As a child, Damon lived in imaginary worlds inspired by his favorite comic books. Comics became not only a friend, but an obsession in his formative years. He learned to draw by copying page after page of Spiderman comics. The origin of his signature style lay across his mother's living room floor in cover-to-cover recreations of his treasured comics. The idea of visually and verbally telling a story intrigued him. A fantasy steeped in reality. Johnson's comic book obsession was redirected during his later adolescence by New York pop art. Damon would frequent the MoMA, driving past Keith Haring's "Crack is Wack" mural in Harlem. Pop art from Warhol to Lichtenstein to Rosenquist became an enormous influence.
Johnson's work infuses his comic book and pop art sensibility with the soundtrack of his life. Damon quickly recognized the poetic brilliance of hip-hop. The music moved him. The importance of self expression without compromise manifested in his awkward attempts at break dancing, drunken open mic nights at Nueurican Cafe and writing graffiti throughout New York City. Johnson's paintings have a rhythm and tone heavily influenced by hip-hop. They draw from a broad range of cultural elements to make aggressive, personal expressions.
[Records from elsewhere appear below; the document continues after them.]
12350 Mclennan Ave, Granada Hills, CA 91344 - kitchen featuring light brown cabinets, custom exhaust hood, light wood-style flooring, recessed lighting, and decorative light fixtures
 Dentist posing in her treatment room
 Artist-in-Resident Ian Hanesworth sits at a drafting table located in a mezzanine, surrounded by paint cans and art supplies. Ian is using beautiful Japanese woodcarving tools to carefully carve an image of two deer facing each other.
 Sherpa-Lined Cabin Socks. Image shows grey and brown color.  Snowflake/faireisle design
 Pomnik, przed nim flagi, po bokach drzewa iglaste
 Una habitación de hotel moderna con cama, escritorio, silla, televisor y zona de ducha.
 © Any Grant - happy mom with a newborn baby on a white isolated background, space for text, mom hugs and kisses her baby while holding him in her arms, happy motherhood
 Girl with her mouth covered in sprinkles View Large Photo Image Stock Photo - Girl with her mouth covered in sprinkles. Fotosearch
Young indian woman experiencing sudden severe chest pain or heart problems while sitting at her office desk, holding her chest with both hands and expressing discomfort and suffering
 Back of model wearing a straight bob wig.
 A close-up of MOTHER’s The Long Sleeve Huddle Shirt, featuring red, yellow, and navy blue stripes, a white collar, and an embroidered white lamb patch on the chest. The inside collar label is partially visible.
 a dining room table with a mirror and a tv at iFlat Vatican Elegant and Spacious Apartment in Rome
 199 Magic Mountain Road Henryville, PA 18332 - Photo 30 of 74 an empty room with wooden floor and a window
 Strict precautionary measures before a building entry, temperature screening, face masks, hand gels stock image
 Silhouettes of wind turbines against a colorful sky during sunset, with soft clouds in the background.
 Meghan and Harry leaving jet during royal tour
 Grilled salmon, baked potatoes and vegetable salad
Damon's new work incorporates lyrics and song titles that resonated with him at various stages of his life. He illustrates his lyrical narratives with visual samples from dollar bin comics. Forgotten lyrics and discarded images remixed to reveal Damon's world. The works are viciously personal portrayals of Damon's life seen through his savage imagination. They are graphic poetry critically described as Urban Surrealism.